Solid interfaces are ubiquitous in machinery, materials, and devices. From nanoscale to macroscale, friction, wear, and fracture at such interfaces contribute significantly to energy loss and component failure. On the other hand, unique interfacial phenomena observed on nano-/microscales offer exciting opportunities for unexpected discoveries and technologies addressing global challenges in energy efficiency, environmental sustainability, materials manufacturing, and innovative nano-/microdevices. In this talk, I will present three interrelated topics from my recent research: (1) structural superlubricity (achieving near-zero friction without the need for lubricants), including how interesting mechanical behaviors emerge on the microscale when friction is nearly zero, how edges limit superlubricity, and how defects cause its failure; (2) mechanochemistry (driving and controlling chemical reactions with interfacial forces), including a new insight from combining mechanochemistry with contact mechanics, how it enables reliable reaction kinetics measurements, and its application to in-situ formation of anti-wear coatings and to chemical reactions that constrain the lifetime of nano-electro-mechanical switches; and (3) nanofracture of layered materials, studied using atomic force microscopes, revealing graphene’s fracture anisotropy and mechanochemically-governed fracture initiation. Finally, I will discuss the implications from these fundamental studies, the limitations of the current work, and challenges to address in future research.

The fracture properties of graphene are critical for applications that require robust mechanical properties such as low-friction coatings, but conflicting results on fracture anisotropy and limited work on fracture initiation remain challenges. We developed an AFM-based method to determine graphene's fracture anisotropy and studied the kinetics of fracture initiation by sliding the tip against atomic step edges on graphite. Using naturally-formed atomic steps from exfoliating graphene, this method enables precise, high-throughput measurements. We show that zigzag (ZZ) direction has slightly lower fracture toughness than the armchair (AC) direction, with an anisotropy factor of 0.971. The dependence of fracture initiation rate on applied normal and shear stresses and the temperature agrees with stress-assisted thermal activation kinetics, as described by the Eyring model. This is used to determine the activation energy and activation volume for the fracture initiation process.

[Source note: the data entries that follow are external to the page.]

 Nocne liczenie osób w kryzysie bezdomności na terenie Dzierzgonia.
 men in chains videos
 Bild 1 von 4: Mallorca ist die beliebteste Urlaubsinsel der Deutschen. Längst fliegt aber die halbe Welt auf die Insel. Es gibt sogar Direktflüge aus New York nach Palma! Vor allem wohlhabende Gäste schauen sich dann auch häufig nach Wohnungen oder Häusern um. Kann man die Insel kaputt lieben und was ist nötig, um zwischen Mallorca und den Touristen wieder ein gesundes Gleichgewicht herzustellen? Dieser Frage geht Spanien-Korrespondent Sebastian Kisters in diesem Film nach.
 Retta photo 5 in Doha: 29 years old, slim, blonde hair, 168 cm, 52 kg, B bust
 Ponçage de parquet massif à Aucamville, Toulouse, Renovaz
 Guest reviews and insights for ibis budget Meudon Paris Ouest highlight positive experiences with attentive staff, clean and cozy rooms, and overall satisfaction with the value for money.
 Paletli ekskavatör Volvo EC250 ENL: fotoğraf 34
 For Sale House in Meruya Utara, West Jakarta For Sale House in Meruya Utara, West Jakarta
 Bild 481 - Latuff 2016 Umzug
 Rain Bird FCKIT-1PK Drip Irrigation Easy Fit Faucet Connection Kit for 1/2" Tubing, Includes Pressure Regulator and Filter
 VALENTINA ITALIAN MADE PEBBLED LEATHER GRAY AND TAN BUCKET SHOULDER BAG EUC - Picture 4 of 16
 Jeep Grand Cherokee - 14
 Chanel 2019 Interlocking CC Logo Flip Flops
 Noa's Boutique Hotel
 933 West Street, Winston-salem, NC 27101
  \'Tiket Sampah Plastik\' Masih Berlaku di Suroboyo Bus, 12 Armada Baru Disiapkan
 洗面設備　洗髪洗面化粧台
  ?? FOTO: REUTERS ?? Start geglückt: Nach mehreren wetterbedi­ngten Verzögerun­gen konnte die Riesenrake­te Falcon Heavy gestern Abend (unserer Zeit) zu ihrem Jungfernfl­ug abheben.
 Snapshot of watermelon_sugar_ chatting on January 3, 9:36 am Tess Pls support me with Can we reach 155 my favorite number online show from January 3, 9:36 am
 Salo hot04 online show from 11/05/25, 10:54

Activation volume is the key variable in mechanochemistry describing the effect of stress on reaction rate. However, its physical interpretation remains uncertain and significant discrepancies exist in recent tribology experiments. Here, we analyze the contact mechanics of the standard stress-assisted thermal activation model and find that, in some cases, a large correction is needed. We consider the force-dependent contact area and the nonuniform stress distribution, which were previously overlooked, leading to a correction function. For validation, we study the formation of antiwear tribofilms from zinc dialkyldithiophosphates (ZDDP). Combining colloidal-probe and regular AFM, we show that these and prior literature results, which are widely scattered if treated with the standard model, are in excellent agreement with our corrected model. This provides an accurate method for determining activation volumes, and provides insights for interpretating them for elucidating tribochemistry.

Nanoelectromechanical systems (NEMS) switches, a candidate for next-generation electronics for their negligible leakage and low operation voltage, suffer from poor reliability featured by various failure modes during cyclic operation. In this work, the durability of electrical contact materials is studied by scanning probe microscopy (SPM) under NEMS switch-like conditions, with the goal of understanding the tribo-electro-mechanical mechanisms leading to failure. We use an SPM-based methodology for high-throughput assessment of candidate contact materials, with a Pt/Pt interface studied as a prototypical demonstration. The evolution of interfacial properties is measured for millions to billions of contact cycles. The accumulation of insulating tribopolymers resulting from applied stress and bias to adsorbed airborne contaminants is investigated. Measurement on the tribopolymer growth rate and its dependence on contact stress supports a stress-assisted thermal activation model.